*What you have to do:* Reproduce word for word the line holding "chicken vegetables samosa" and all lines after it in the data, through the end, leaving out pictures.
================
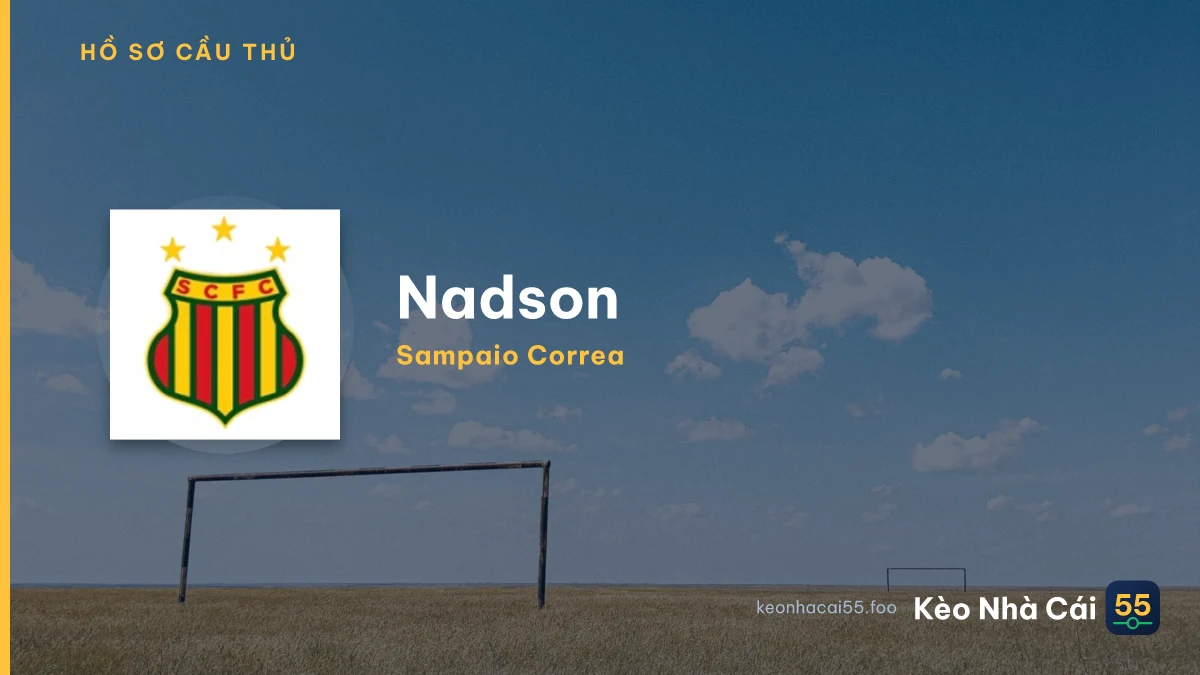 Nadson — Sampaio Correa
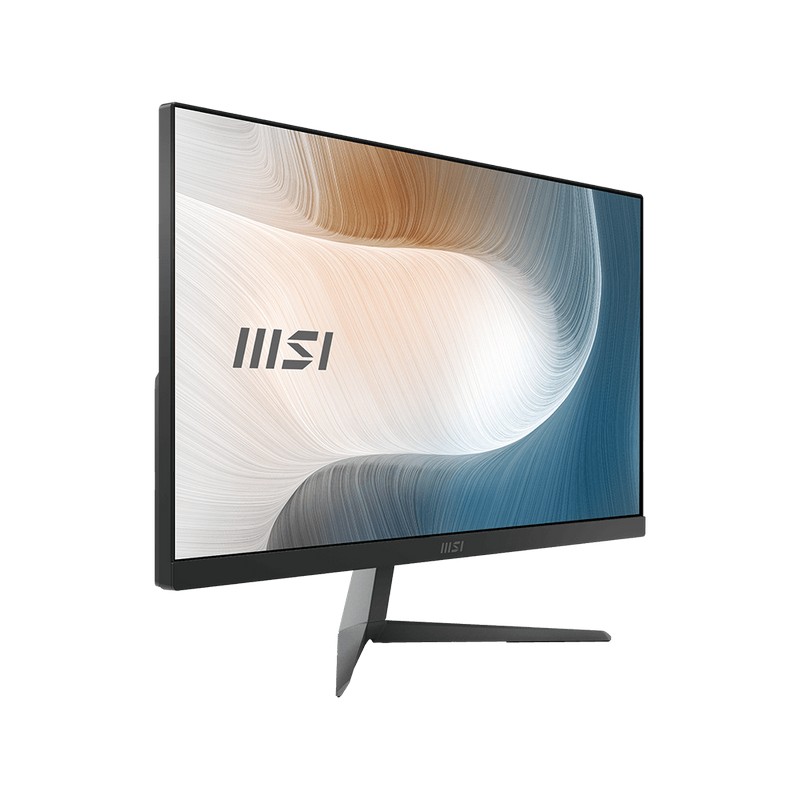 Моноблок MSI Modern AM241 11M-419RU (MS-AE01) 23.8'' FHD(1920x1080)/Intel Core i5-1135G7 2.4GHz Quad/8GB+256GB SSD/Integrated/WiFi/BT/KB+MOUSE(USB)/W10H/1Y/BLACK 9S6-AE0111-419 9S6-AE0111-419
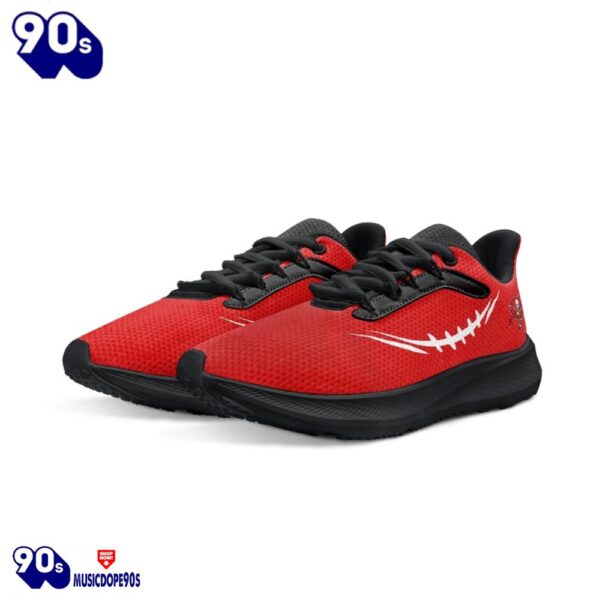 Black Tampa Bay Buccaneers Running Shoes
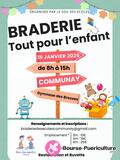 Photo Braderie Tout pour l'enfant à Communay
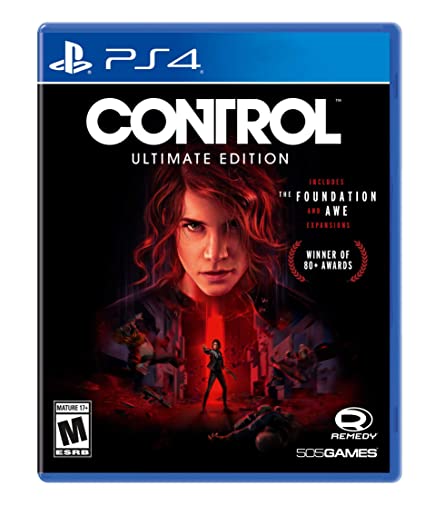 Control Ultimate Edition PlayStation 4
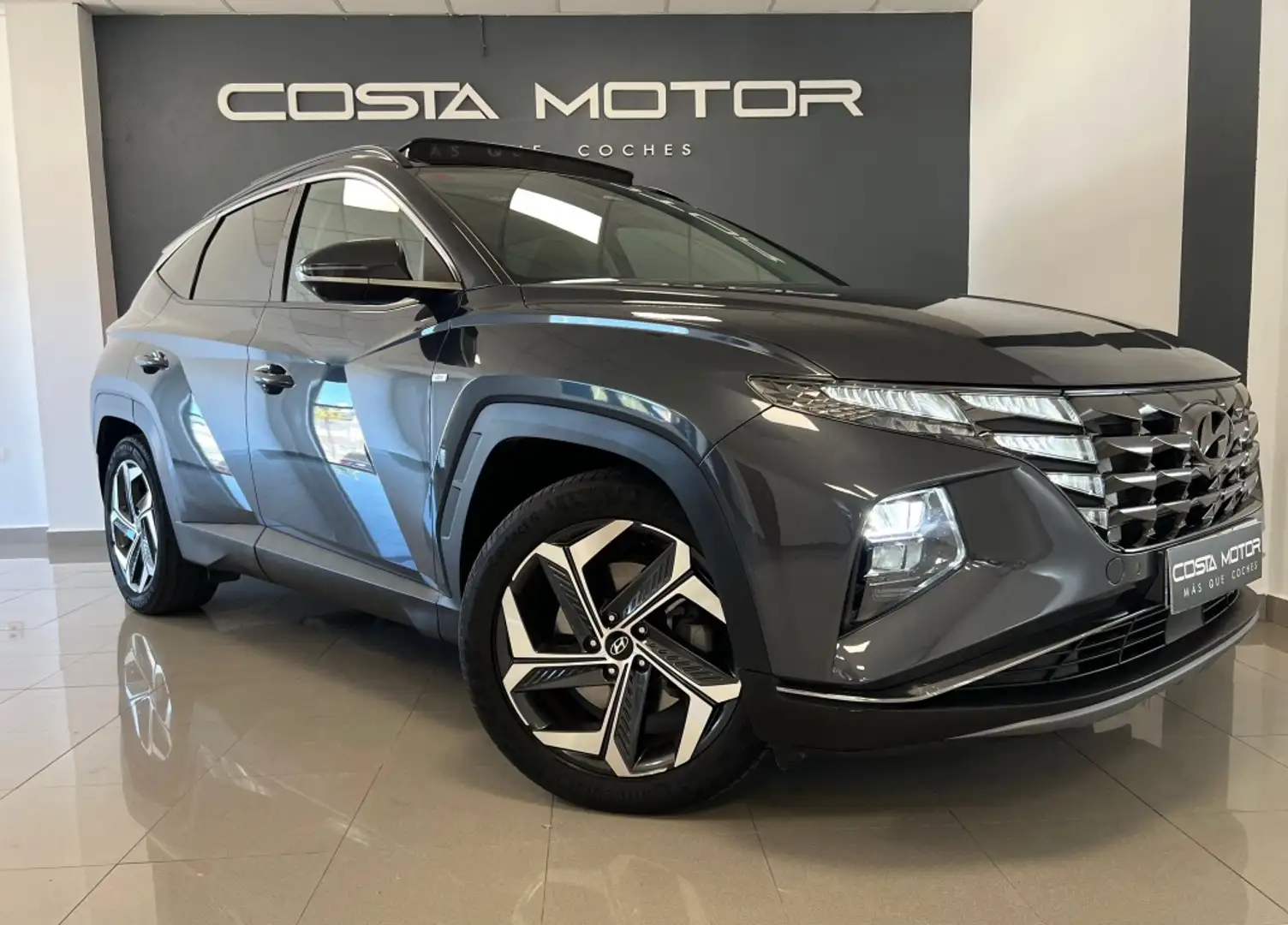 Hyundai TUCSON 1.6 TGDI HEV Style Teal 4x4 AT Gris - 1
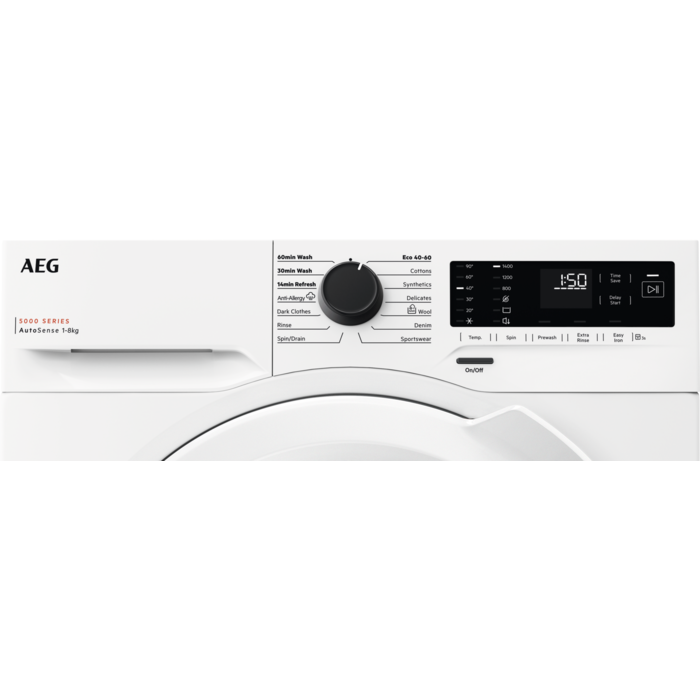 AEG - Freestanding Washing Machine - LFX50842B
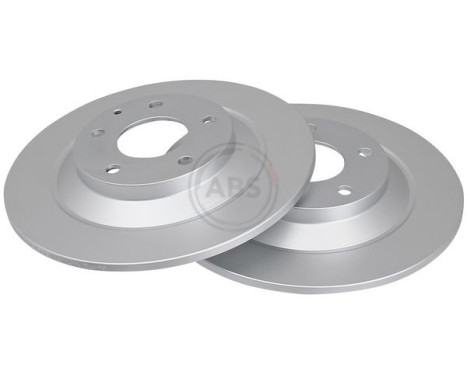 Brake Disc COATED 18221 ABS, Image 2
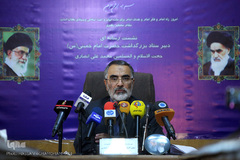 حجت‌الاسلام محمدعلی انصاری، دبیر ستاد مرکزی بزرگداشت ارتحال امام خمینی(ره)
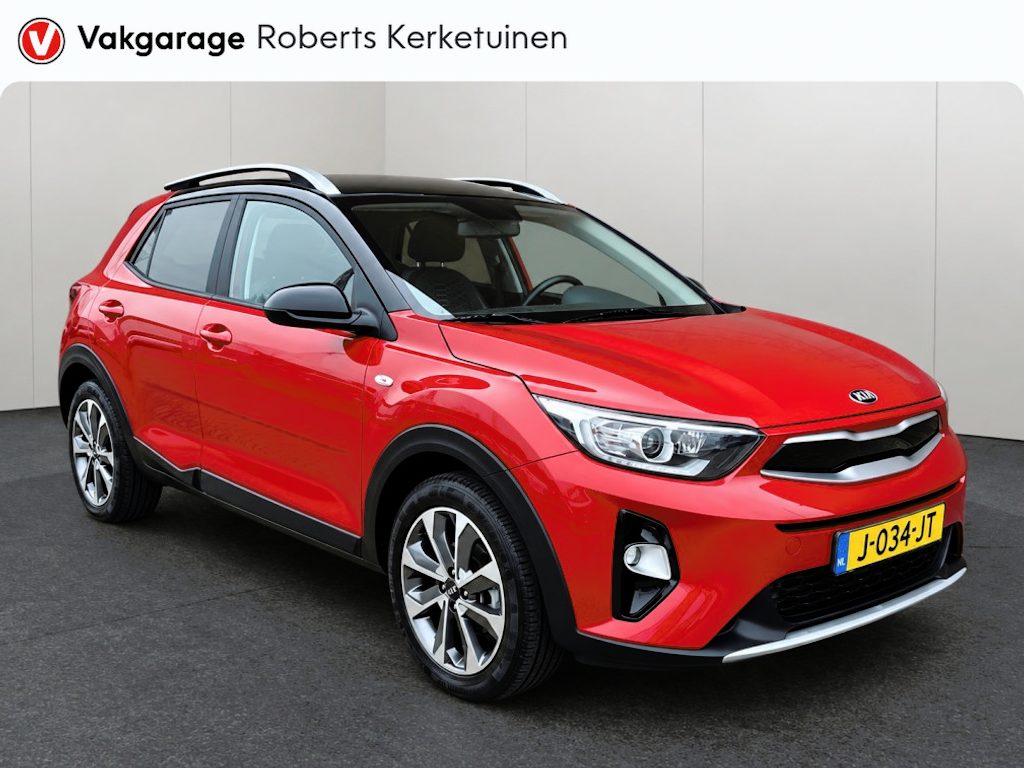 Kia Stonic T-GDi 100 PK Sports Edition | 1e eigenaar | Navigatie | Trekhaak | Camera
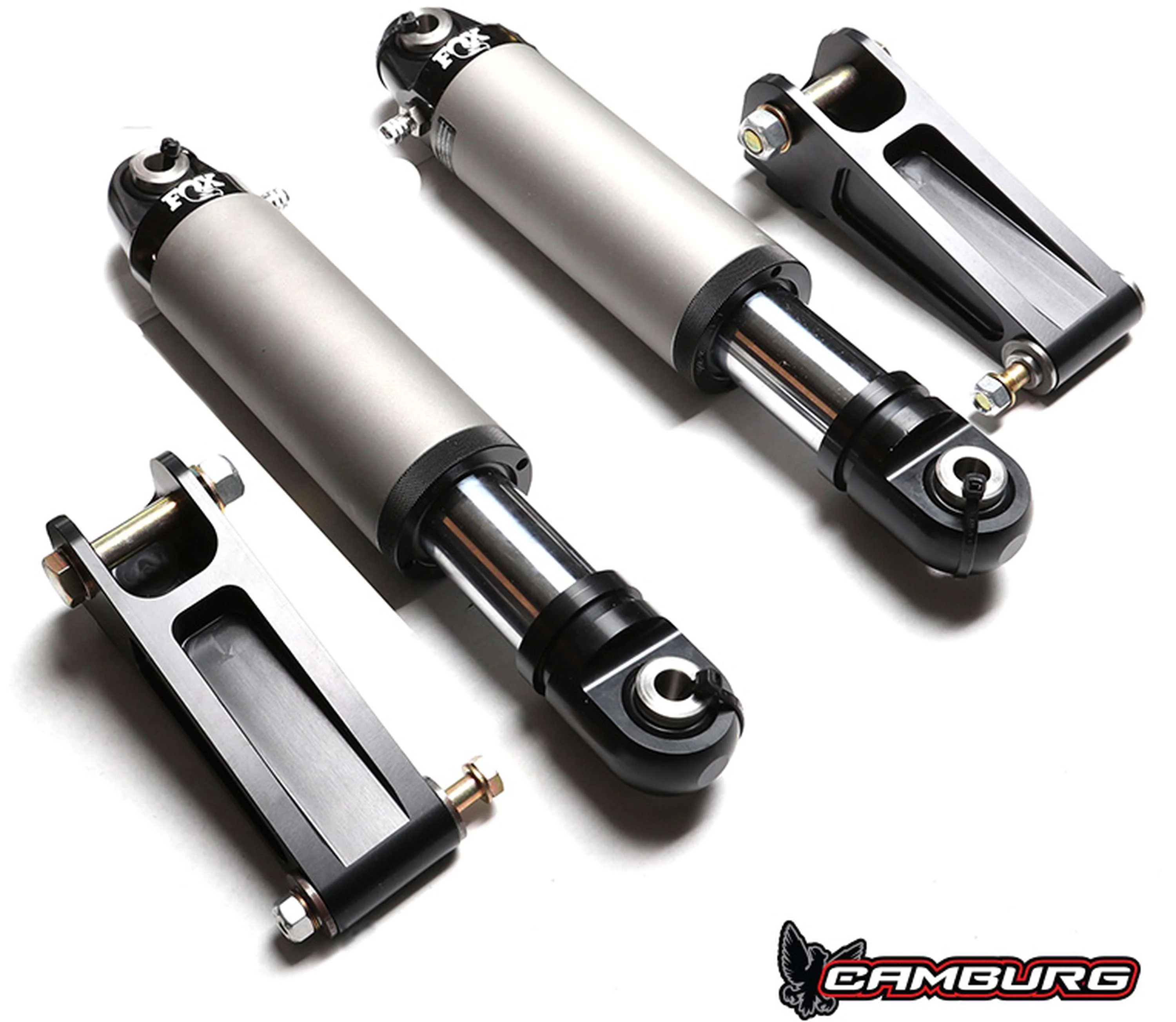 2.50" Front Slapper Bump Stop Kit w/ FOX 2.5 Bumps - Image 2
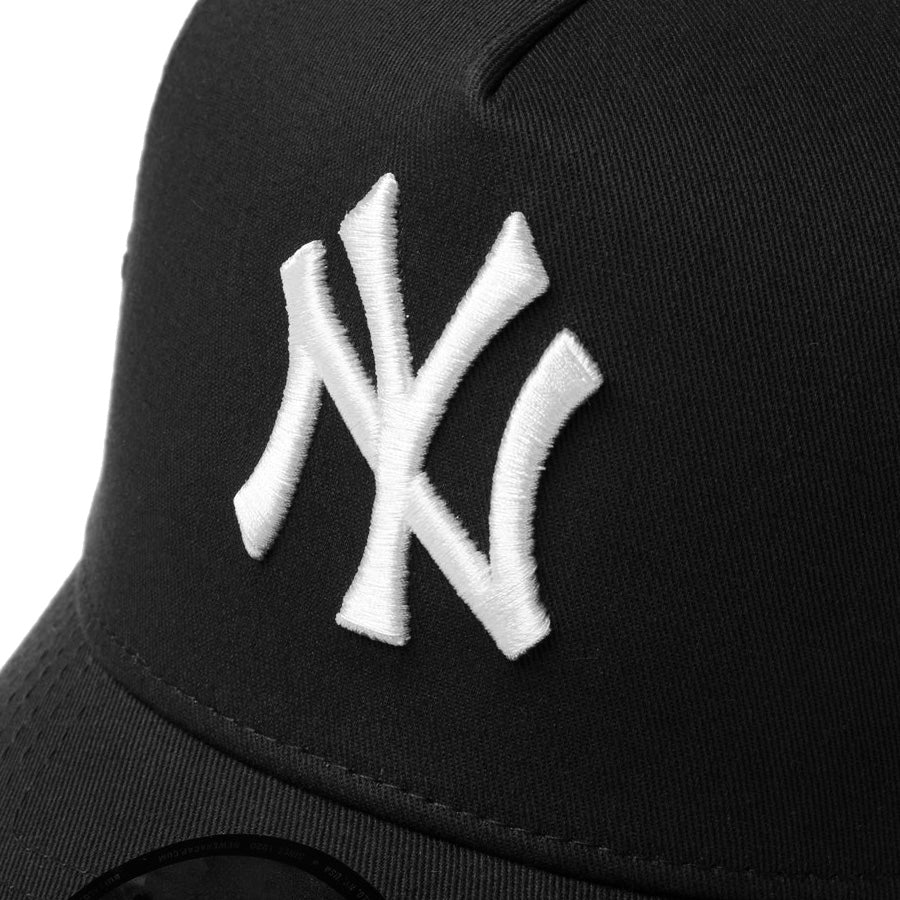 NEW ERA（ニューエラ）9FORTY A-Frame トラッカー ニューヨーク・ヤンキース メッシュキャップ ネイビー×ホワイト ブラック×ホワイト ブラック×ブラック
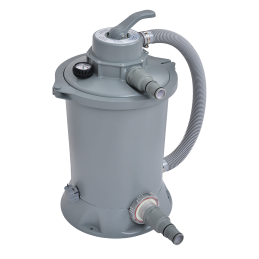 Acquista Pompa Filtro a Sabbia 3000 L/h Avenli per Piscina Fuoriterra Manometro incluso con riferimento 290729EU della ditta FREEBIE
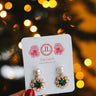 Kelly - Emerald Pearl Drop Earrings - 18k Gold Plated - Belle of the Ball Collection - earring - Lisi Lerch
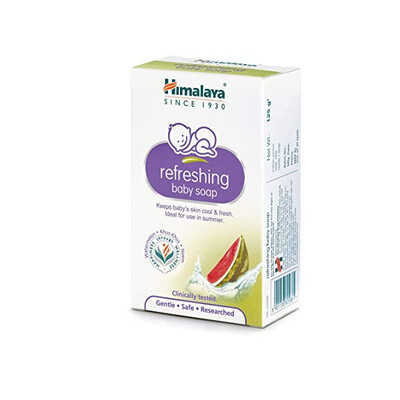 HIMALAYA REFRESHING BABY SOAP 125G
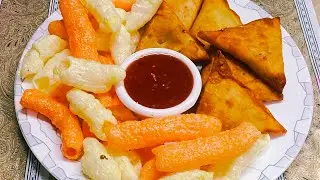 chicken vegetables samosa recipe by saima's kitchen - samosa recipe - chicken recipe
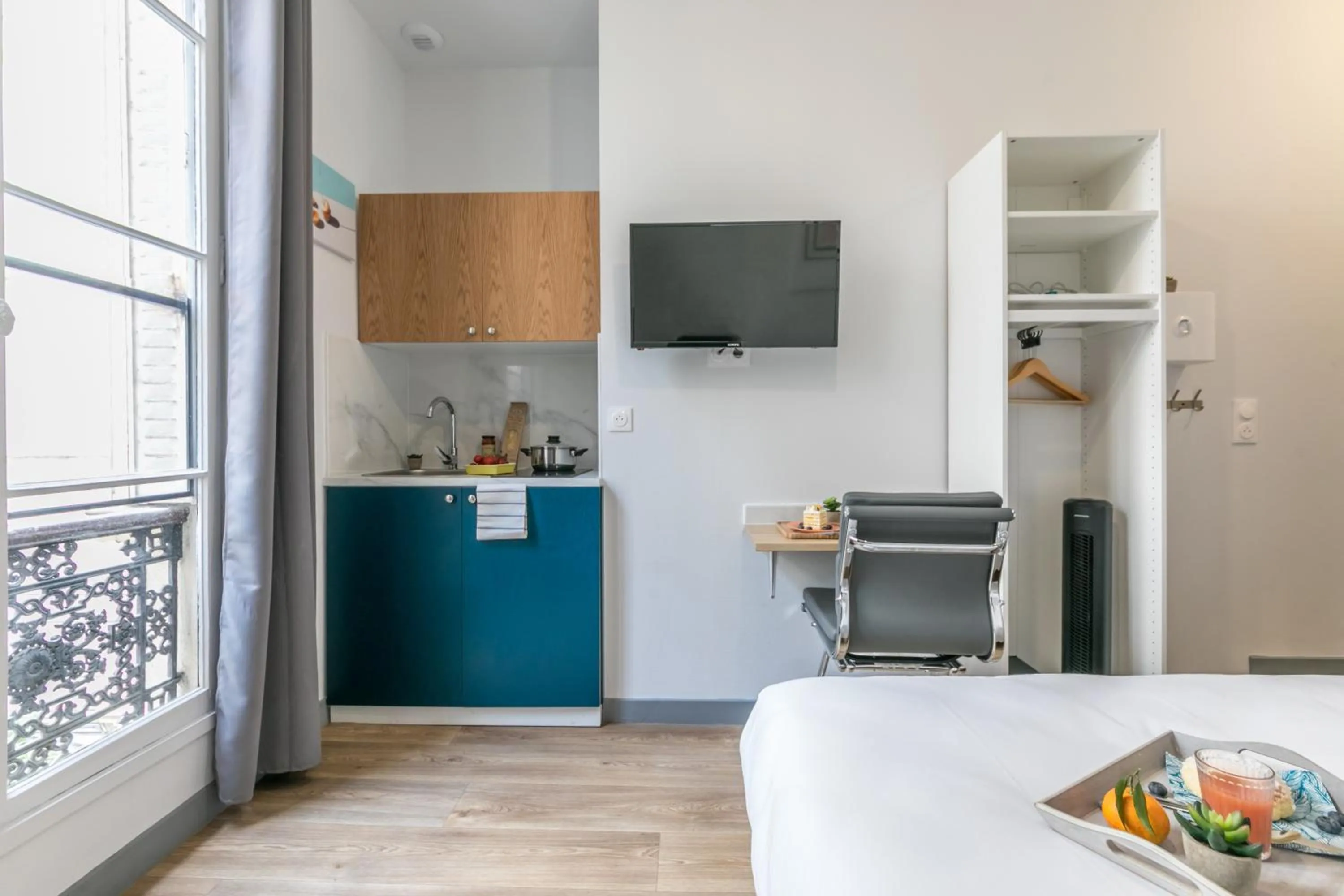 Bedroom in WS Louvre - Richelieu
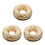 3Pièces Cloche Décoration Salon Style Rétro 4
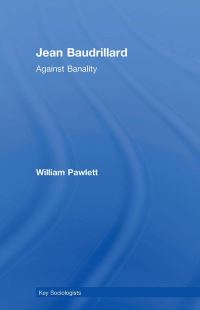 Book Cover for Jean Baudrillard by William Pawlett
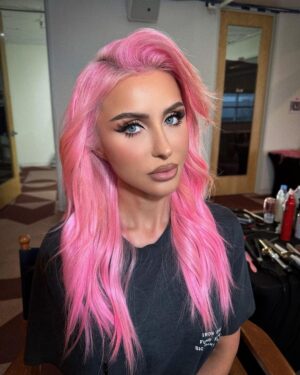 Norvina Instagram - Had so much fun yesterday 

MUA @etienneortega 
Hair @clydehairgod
================
*Response:*
 chicken vegetables samosa recipe by saima's kitchen - samosa recipe - chicken recipe
 Bedroom in WS Louvre - Richelieu
 3Pièces Cloche Décoration Salon Style Rétro 4
 Book Cover for Jean Baudrillard by William Pawlett
 Norvina Instagram - Had so much fun yesterday 

MUA @etienneortega 
Hair @clydehairgod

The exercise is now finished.